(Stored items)
======

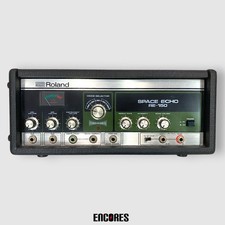 Roland RE-150 Space Echo Tape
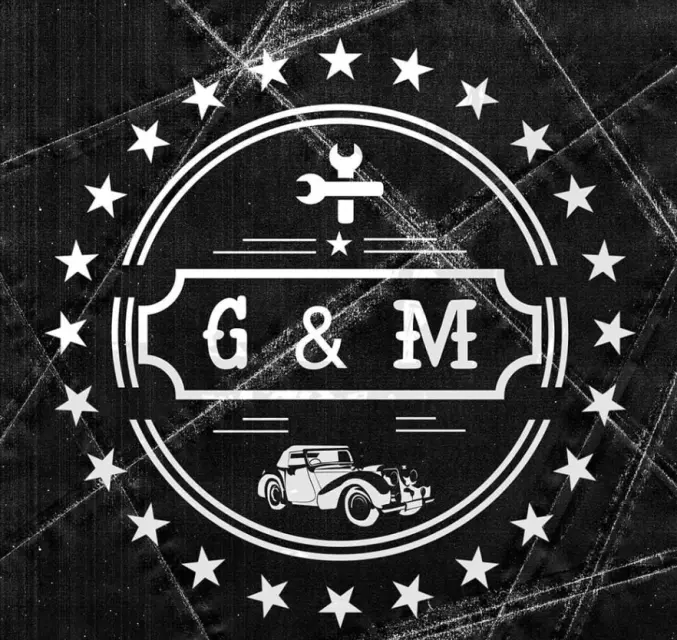 Brand Independent Service Kft.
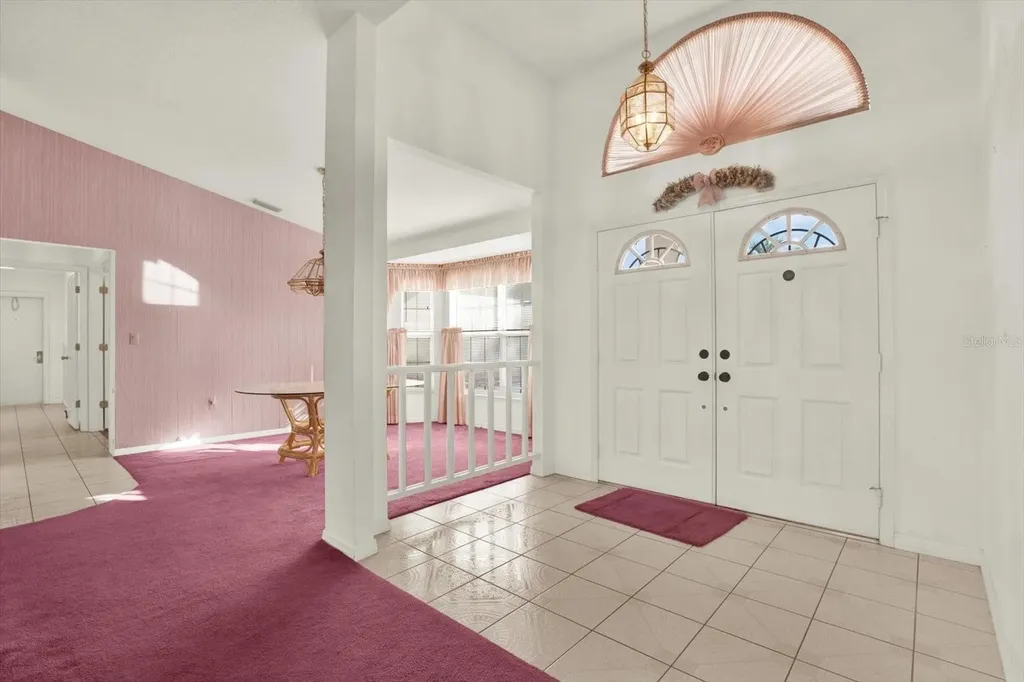 6118 Nardello Avenue Spring Hill FL 34608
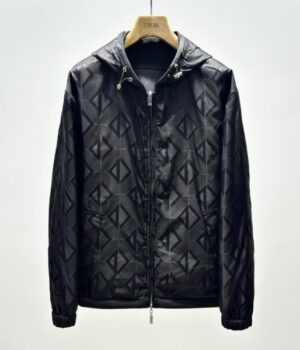 DIOR JACKET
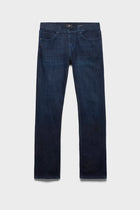 7 For All Mankind The Straight in Airweft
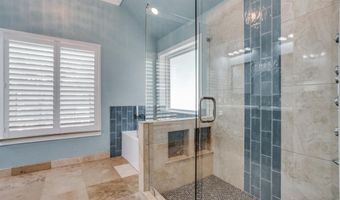 1609 Broadmoor Dr, Allen, TX 75002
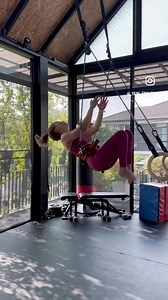 Gymnastics Forza Back Flip SystemDesigned to build confidence, control, and proper mechanics in backflips.Progressive assistance lets athletes focus on technique while reducing fear and impact.Used for learning, refining, and safely repeating backflip progressions. #backflips | Gymnastics Forza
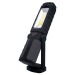 Product thumbnail Multifunctional reflector flashlight 3
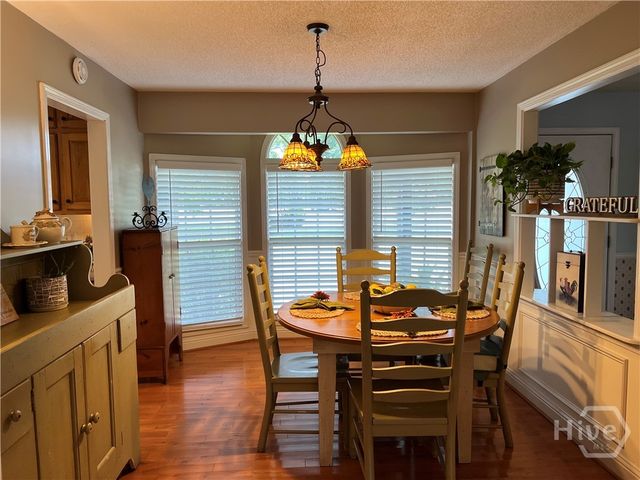476 Clover Ave, Comer, GA 30629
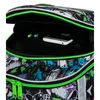 Schulrucksack Schultasche SCHULRANZEN 25L COOLPACK TURTLE P Produktbild-Vorschau 6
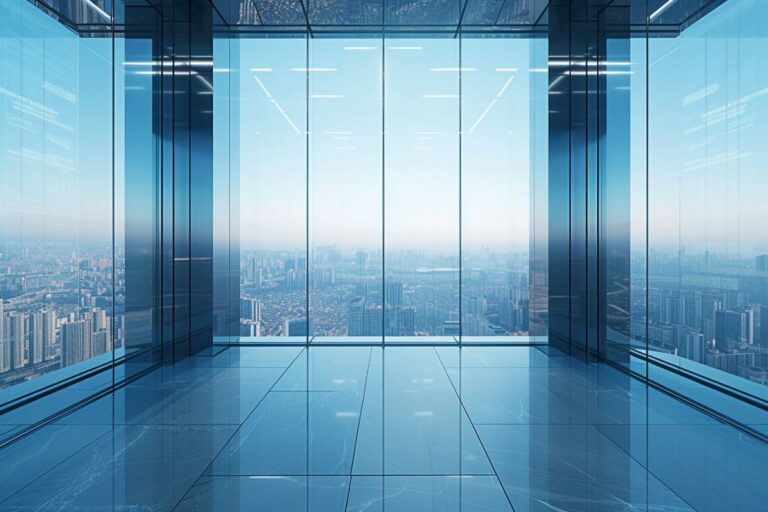 Innovations en ascenseurs : pour un habitat accessible et évolutif
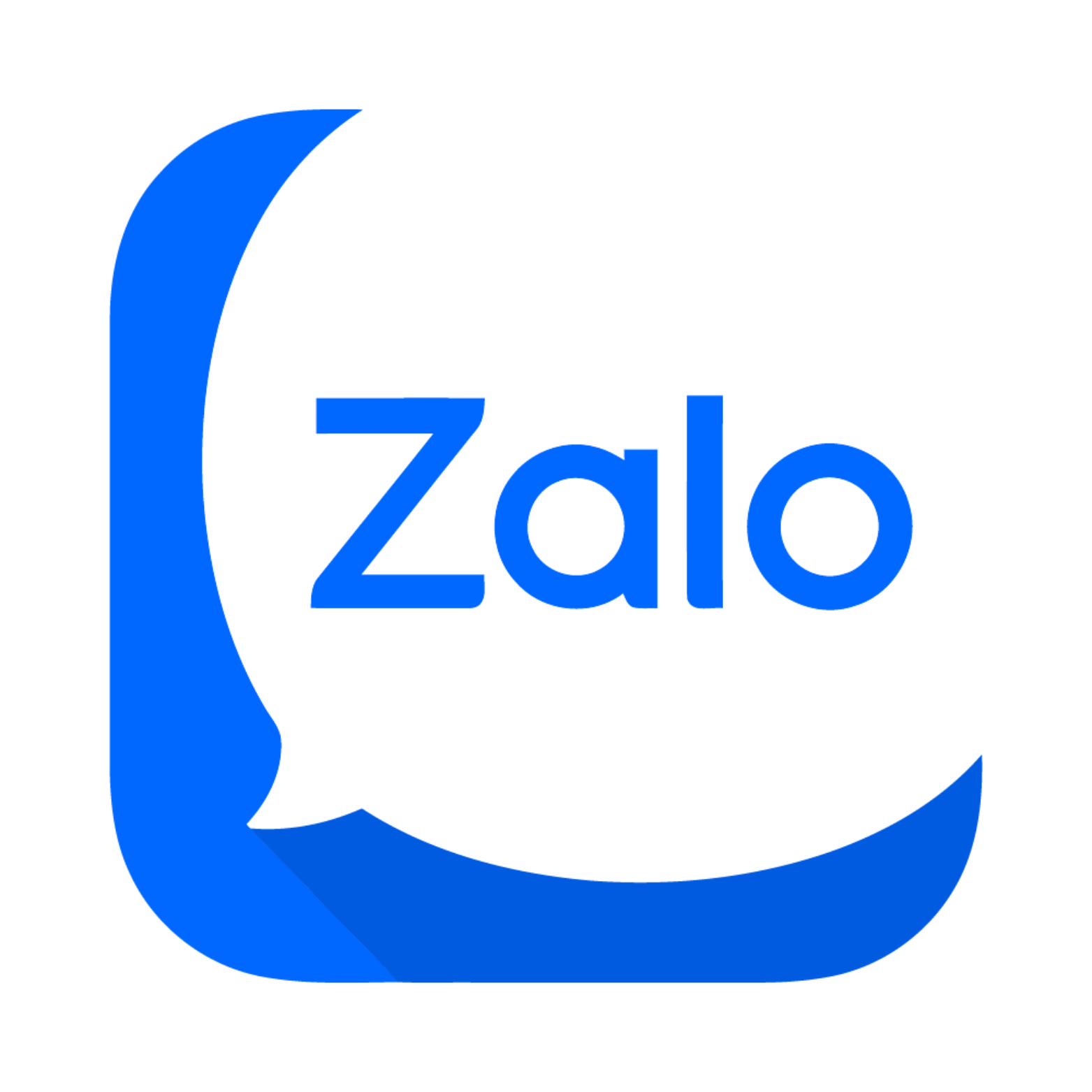 Zalo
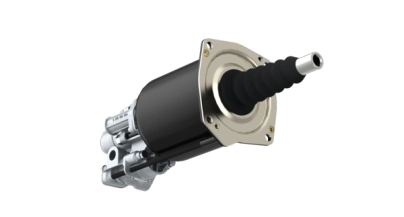 SERVOEMBRAGUE ABP 9700511640  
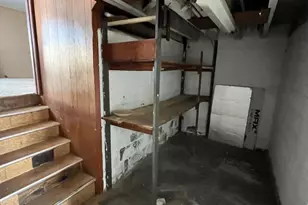 1733 Arthur St, Philadelphia, PA 19152 - Photo 27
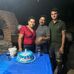 Veronica Ceja - Facebook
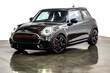 MINI Hardtop 2 Door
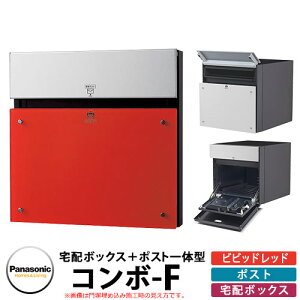 Panasonic ˌZpz|Xg R{Gt plFrrbhbhF CTCR2153R COMBO-F z{bNX X֎ ߍݎ|Xg Oo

======

### WHAT THIS TASK INVOLVES
Each line from the one containing "Gymnastics Forza Back" through the final line of the data must be reproduced exactly, both ends included, with no pictures in the copy.

### THE ANSWER
 Gymnastics Forza Back Flip SystemDesigned to build confidence, control, and proper mechanics in backflips.Progressive assistance lets athletes focus on technique while reducing fear and impact.Used for learning, refining, and safely repeating backflip progressions. #backflips | Gymnastics Forza
 Product thumbnail Multifunctional reflector flashlight 3
476 Clover Ave, Comer, GA 30629
 Schulrucksack Schultasche SCHULRANZEN 25L COOLPACK TURTLE P Produktbild-Vorschau 6
 Innovations en ascenseurs : pour un habitat accessible et évolutif
 Zalo
 SERVOEMBRAGUE ABP 9700511640  
 1733 Arthur St, Philadelphia, PA 19152 - Photo 27
 Veronica Ceja - Facebook
 MINI Hardtop 2 Door
 Panasonic ˌZpz|Xg R{Gt plFrrbhbhF CTCR2153R COMBO-F z{bNX X֎ ߍݎ|Xg Oo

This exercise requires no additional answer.